24 сентября 1938 г. Широкий написал четвертое письмо Успенскому. Это письмо имеет одну главную тему. Широкий признавал себя виновным, но просил, чтобы ему позволили исправить ошибки. При этом он просил, чтобы для этого его оставили на время работать в НКВД Украины, поскольку он родился на Украине, вырос и работал здесь «безвыездно». После этого он был готов пойти «с чистой партийной совестью» работать в других частях Советского Союза. Широкий напоминал, что за все время его службы в органах он всегда был примерным работником, участвовал во всех «хозяйственно-политических кампаниях», до конца выполняя даваемые ему поручения. Широкий писал также о том, что он один из первых, будучи начальником 5-го (Особого) отдела Черниговского УНКВД, еще в апреле 1937 г. «начал вскрывать существование военно-фашистского заговора в РККА». Кроме своей привязанности к Украине, он подчеркивал тот факт, что «в нынешней международной обстановке» Украина является одним из «важнейших форпостов Советского Союза». В этой ситуации он чувствовал, что его «долг чести работать сейчас на Украине».
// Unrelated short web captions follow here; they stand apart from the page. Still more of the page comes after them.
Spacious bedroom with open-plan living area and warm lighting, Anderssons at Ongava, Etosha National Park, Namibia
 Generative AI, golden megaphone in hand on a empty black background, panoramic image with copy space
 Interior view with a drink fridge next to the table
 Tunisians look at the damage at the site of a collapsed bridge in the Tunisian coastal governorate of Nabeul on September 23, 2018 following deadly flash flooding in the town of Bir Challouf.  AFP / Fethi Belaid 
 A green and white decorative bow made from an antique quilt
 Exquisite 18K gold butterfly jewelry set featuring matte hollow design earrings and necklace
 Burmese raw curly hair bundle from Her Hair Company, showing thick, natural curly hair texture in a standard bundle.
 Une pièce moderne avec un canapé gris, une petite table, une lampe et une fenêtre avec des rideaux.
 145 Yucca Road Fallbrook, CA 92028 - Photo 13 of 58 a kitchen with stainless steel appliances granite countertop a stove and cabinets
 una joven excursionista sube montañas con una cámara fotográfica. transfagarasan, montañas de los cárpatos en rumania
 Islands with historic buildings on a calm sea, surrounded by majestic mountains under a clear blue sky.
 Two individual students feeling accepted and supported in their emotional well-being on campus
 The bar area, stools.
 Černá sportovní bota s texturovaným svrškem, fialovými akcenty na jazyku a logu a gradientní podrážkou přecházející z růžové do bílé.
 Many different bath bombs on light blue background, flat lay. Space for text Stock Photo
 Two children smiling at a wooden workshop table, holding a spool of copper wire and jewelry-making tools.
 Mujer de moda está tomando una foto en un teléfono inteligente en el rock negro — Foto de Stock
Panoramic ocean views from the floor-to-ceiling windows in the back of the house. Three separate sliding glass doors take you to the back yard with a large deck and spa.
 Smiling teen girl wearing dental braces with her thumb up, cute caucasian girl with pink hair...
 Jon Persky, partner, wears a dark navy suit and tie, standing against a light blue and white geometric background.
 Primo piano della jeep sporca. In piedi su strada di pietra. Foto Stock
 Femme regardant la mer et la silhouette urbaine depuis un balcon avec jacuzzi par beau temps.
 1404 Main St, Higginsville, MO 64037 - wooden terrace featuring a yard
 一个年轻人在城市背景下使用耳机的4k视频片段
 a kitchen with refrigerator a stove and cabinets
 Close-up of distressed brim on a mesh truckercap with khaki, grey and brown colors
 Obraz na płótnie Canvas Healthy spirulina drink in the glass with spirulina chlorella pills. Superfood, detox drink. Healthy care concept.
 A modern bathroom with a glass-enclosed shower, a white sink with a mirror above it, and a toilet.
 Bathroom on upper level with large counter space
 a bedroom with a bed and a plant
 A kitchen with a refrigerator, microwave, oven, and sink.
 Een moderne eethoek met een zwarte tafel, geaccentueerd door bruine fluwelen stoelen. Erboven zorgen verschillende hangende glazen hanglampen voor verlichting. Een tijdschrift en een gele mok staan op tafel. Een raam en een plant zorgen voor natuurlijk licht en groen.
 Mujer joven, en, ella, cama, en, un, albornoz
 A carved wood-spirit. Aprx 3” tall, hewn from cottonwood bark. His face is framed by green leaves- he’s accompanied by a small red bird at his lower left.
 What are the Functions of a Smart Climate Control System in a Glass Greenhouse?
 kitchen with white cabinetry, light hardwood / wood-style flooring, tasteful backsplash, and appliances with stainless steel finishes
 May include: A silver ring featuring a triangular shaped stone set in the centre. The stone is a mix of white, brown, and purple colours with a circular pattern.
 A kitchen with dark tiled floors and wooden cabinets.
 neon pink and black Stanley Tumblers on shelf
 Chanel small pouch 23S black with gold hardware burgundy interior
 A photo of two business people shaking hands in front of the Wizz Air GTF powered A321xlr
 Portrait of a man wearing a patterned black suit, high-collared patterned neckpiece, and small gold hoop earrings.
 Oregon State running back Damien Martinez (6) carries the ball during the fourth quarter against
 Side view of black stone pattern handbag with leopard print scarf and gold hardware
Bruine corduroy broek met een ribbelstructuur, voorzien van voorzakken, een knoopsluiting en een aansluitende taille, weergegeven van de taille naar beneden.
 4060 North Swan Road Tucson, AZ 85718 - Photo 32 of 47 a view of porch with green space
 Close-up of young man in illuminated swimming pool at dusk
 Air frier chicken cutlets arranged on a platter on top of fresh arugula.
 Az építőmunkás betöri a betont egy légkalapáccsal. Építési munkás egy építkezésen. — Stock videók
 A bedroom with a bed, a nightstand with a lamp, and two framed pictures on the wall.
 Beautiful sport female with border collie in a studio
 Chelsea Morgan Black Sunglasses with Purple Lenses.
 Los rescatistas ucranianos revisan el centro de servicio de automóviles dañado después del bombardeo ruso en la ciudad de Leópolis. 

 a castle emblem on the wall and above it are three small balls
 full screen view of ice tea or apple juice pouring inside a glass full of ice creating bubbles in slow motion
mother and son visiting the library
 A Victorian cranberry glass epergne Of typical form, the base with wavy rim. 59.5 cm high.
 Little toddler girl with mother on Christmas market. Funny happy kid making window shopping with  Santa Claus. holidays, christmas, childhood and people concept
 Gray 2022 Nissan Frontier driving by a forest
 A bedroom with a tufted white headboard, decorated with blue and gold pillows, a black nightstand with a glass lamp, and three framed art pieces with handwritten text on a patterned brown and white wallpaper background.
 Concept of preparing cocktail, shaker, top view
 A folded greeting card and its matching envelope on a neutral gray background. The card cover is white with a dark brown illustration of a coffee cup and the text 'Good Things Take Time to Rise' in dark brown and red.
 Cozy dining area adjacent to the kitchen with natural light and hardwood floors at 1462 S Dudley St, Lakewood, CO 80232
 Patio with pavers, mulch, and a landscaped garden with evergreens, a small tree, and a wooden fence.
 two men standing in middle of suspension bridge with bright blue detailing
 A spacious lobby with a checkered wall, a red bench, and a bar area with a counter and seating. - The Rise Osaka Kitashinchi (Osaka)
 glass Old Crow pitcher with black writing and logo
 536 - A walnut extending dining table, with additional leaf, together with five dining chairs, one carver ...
В этом письме Широкий впервые дважды упоминает имя Хрущева в контексте того, что он чувствует себя обязанным не только Успенскому в том, что тот назначил его на руководящую должность, но и первому секретарю ЦК КП(б) Украины. Вероятно, он понял, что его судьба находилась не только в руках Успенского, но и Хрущева, т. е. руководителя Украины по партийной линии[1855].
Доносительство было обычным явлением во время Большого террора В следственном деле Широкого фигурирует один донос. Он принадлежит младшему лейтенанту госбезопасности Александру Юрьевичу Розумянскому, бывшему начальнику Нежинского районного отдела УНКВД Черниговской области, т. е. бывшему подчиненному Широкого. Письмо было адресовано Ежову и написано, по всей вероятности, в конце 1937 г. или в начале 1938 г. Бывший подчиненный Широкого обвинял своего начальника в том, что тот во время гражданской войны был «активным участником антисоветской банды Григорьева». Розумянский также сообщал, что Широкий происходил из семьи крупного кулака[1856]. Другая компрометирующая информация на Широкого сводилась к тому, что последний был знаком с некоторыми «врагами народа», осужденными в 1937 г.
Конкретно речь шла о М.К. Александровском, бывшем сотруднике ЧК-ОГПУ с 1921 г., начальнике Особого отдела Киевского военного округа (1933–1936) и начальнике 3-го отдела УГБ НКВД УССР. Непосредственно перед своим арестом в июле 1937 г. он исполнял обязанности заместителя начальника 4-го (разведывательного) управления генерального штаба РККА (расстрелян 15 ноября 1937 г.)[1857]. Упоминались также Юлиан Игнатьевич Бржезовский[1858], поляк по национальности (в личном деле в графе «национальность» указано — белорус), зам. начальника 5-го отдела УГБ НКВД УССР, арестованный 5 мая 1937 г. и расстрелянный 21 августа 1937 г., а также Петр Григорьевич Соколов (Шостак), еврей, сотрудник ЧК с 1919 г., начальник Черниговского УНКВД с января 1937 г. по день своего ареста, 24 июня 1937 г. (расстрелян 7 сентября 1937 г.)